Michael Ore

Causal Networks

As we discussed in the last post, Bayesian networks can often be written in multiple equivalent ways by reversing some of the arrows. Generally the most natural choice has arrows matching the causal direction of the effects. A Bayesian network in which the arrows have causal meaning is a causal network. In this post we’ll build up to a clearer idea of what that means.

Consider again the models A and B of IQ(X) vs log-income(Y) from the last post. They’re GBNs, so we can write them as systems of linear models as follows.

  1. \[ \begin{align*} X &= \beta_{10} + \epsilon_X \\ Y &= \beta_{20} + \beta_{21}X + \epsilon_Y \end{align*} \]

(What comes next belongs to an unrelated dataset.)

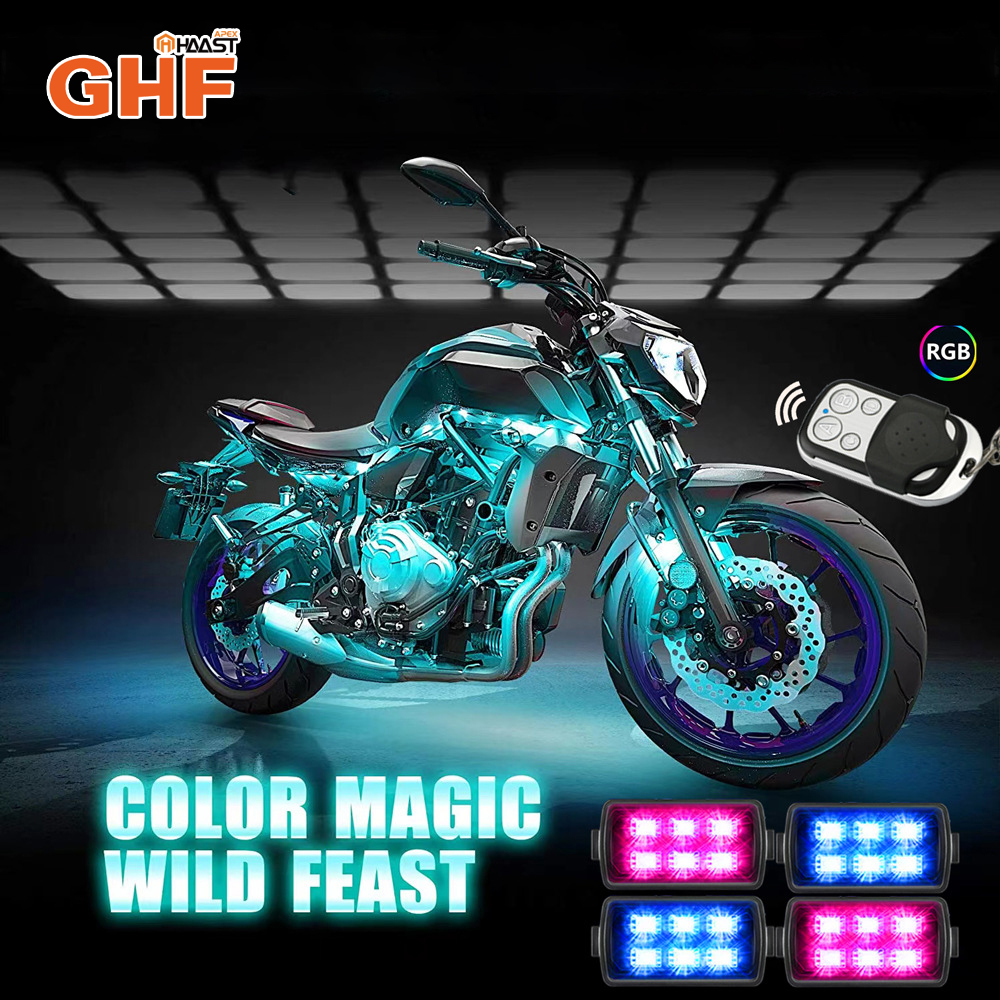 High Quality RGB 50W LED Wireless Remote Control Aurora Car Motorcycle Atmosphere Chassis Light Neon LED RGB Rock Light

  2. \[ \begin{align*} X &= \beta_{10} + \beta_{11}Y + \epsilon_X \\ Y &= \beta_{20} + \epsilon_Y \end{align*} \]

Where \(\epsilon_X\) and \(\epsilon_Y\) are normally distributed error terms that represent any deviation between the linear models and the observed data, as in linear regression.

This form of models A and B is called a structural equation model (SEM). These are given a causal interpretation, where the variables on the right hand side (dependent variables) of an equation cause the variable on the left (independent variable). This causal information is not preserved with algebraic maniupulation, e.g. substituting the equation for X into Y’s equation in model A isn’t valid.

In the last post we had data generated by an opaque process and we fit our model parameters to the data. Now we’ll take another view by using our models to generate data. We can do this in R by creating a pipeline of random samples. For model A, for example, we’ll draw from X first and each of these draws lets us compute the correct mean for the normal distribution to draw Y from. We’ll call this sort of pipeline a data generating process. There’s nothing special about code, cause and effect processes in nature can also be thought of as data generating processes.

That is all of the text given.